Information supplied
-- Opening Marker --

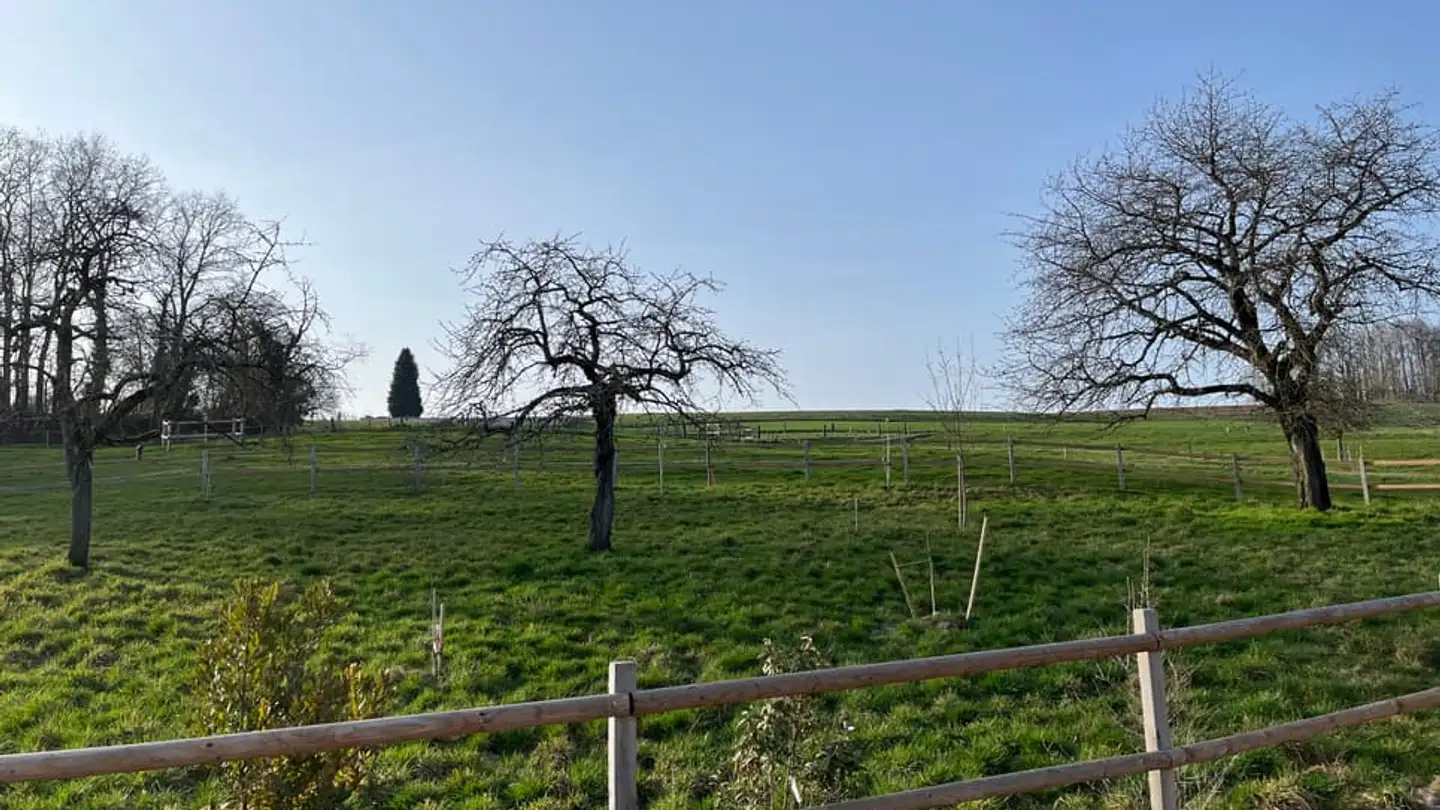 Casa singola in vendita - 1538 Treytorrens (Payerne)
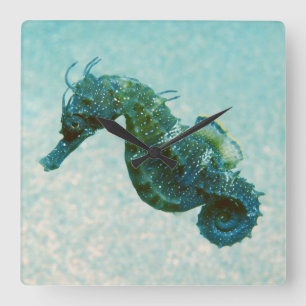 Reloj Cuadrado Seahorse Cortocircuito-Metido el hocico el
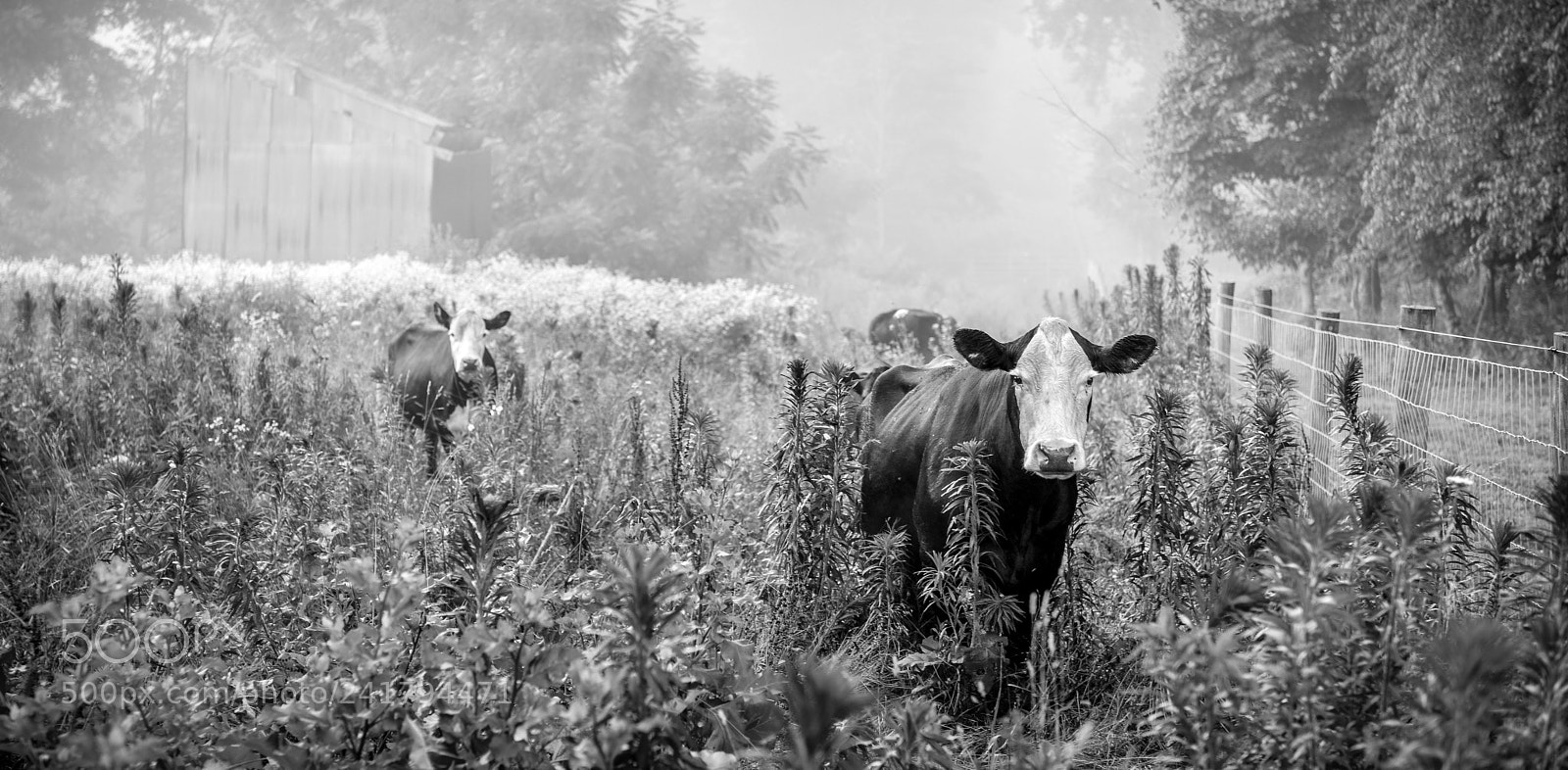 Nikon D800 sample photo. Cows photography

-- Closing Marker --

About this task
The reply should repeat the listing above exactly and contain no pictures.

Answer to this problem
 Casa singola in vendita - 1538 Treytorrens (Payerne)
 Reloj Cuadrado Seahorse Cortocircuito-Metido el hocico el
 Nikon D800 sample photo. Cows photography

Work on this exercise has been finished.